The federal appeals court agreed with his argument back in February and reversed the conviction. The judges announced their ruling without explanation, adding that a written explanation would follow "in due course." With the explanation now published, the document reveals that Goldman's trading system was considered as neither "produced for" or "placed in" interstate or foreign commerce. The company also didn't have any intention of selling its system or licensing it to anyone.
"The enormous profits the system yielded for Goldman depended on no one else having it," the judges wrote. "Because the HFT system was not designed to enter or pass in commerce, or to make something that does, Aleynikov’s theft of source code relating to that system was not an offense under the EEA."
The ruling also addresses an argument by the government which claims that code is considered physical property and covered under a 1988 amendment to the NSPA. Prosecutors insisted that the amendment reflected an intent by Congress to include non-physical forms of property in the law such as Aleynikov’s theft of the source code. But the judges denied the claim, stating that the 24-year-old amendment referred to the transfer and transmission of money.
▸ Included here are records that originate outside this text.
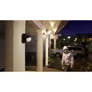 Philips Hue Outdoor Sensor Bewegungsmelder Schwarz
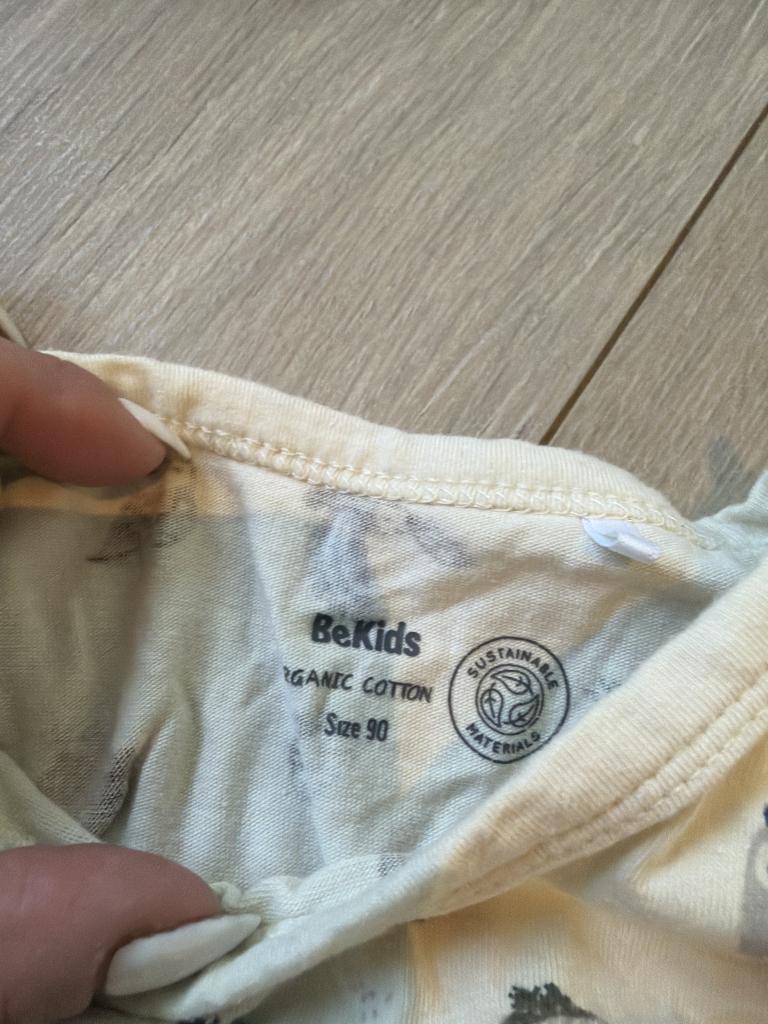 BeKids langærmet body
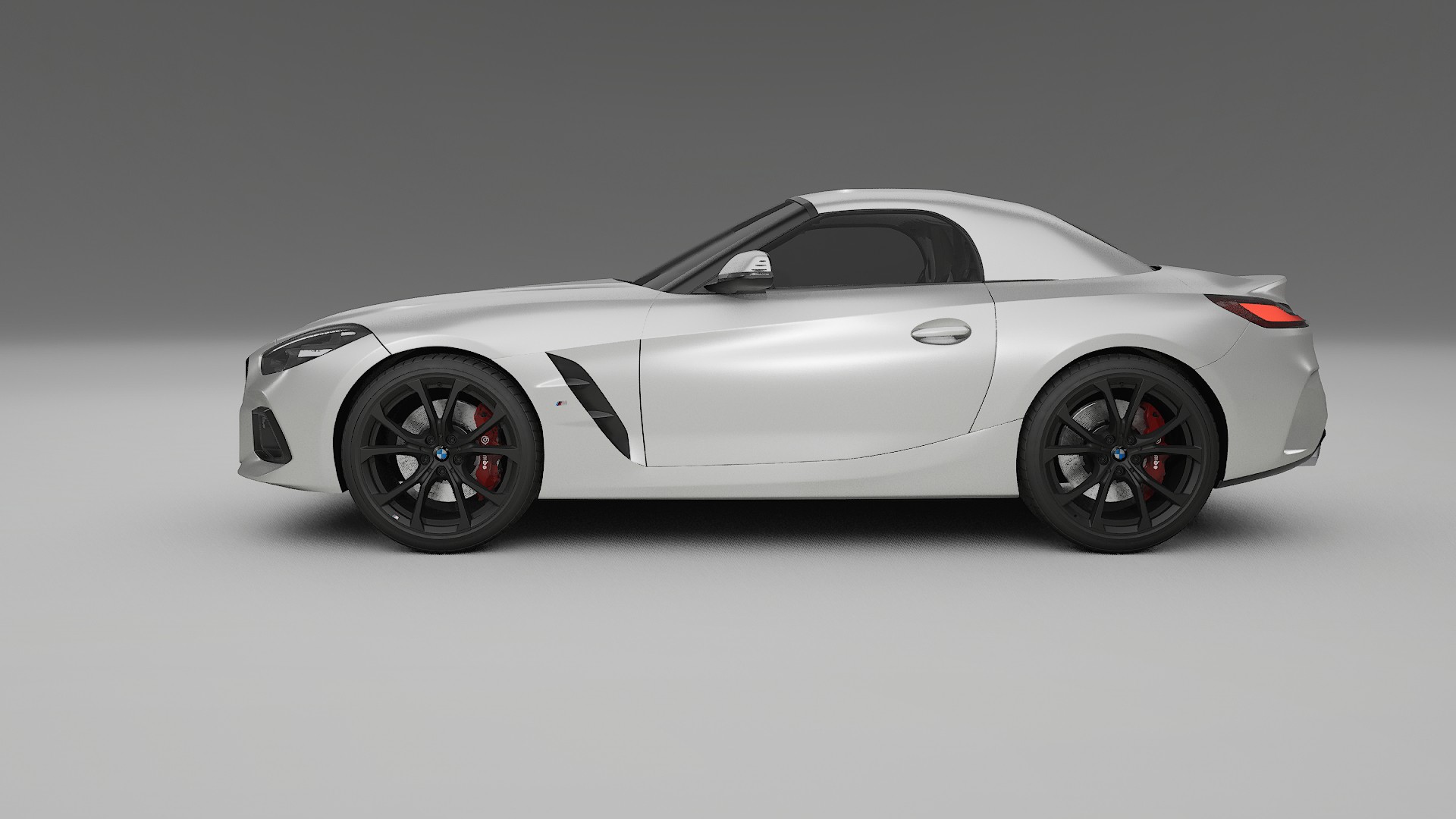 BMW Z4 G29 TPU Lackschutzfolie | OPAL Farbwechsel PPF – Komplett-Vorgeschnittener Kit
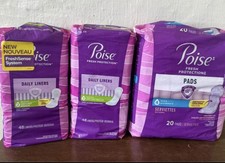 Poise Daily Liners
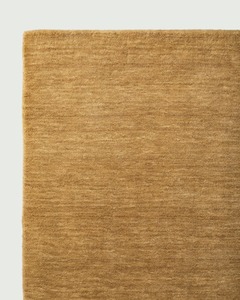 Tapis uni tufté à la main, tapis en laine, tapis minimaliste pour la maison, fabricant de tapis sur mesure, tapis de luxe moderne, tapis neutre, Inde - Product Image 5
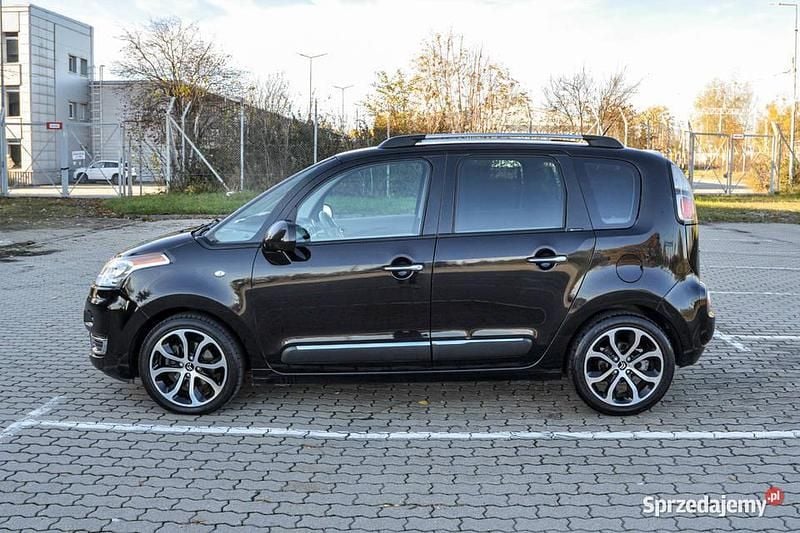 Używany Citroën C3 Picasso 120 KM (88 kW) 2012 Minivan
"We decline to stretch or update statutory words of plain and ordinary meaning in order to better accommodate the digital age," the judges wrote.
Circuit Judge Guido Calabresi, who agreed with the majority opinion and the way the judges had reached it, said Aleynikov would not have gotten off if the EEA had been better written. “[It] is hard for me to conclude that Congress, in this law, actually meant to exempt the kind of behavior in which Aleynikov engaged" he said. "[I] hope that Congress will return to the issue and state, in appropriate language, what I believe they meant to make criminal in the EEA."
Aleynikov allegedly made several copies of the code and had it on his laptop when he met his new employers at Teza Technologies in Chicago. Goldman Sachs discovered the theft after it began monitoring HTTPS transfers and saw a large volume of data leaving its network. Once arrested, Aleynikov acknowledged taking the code, but was primarily trying to get open source software files on which he had worked. The collection of proprietary files was merely accidental, he claimed.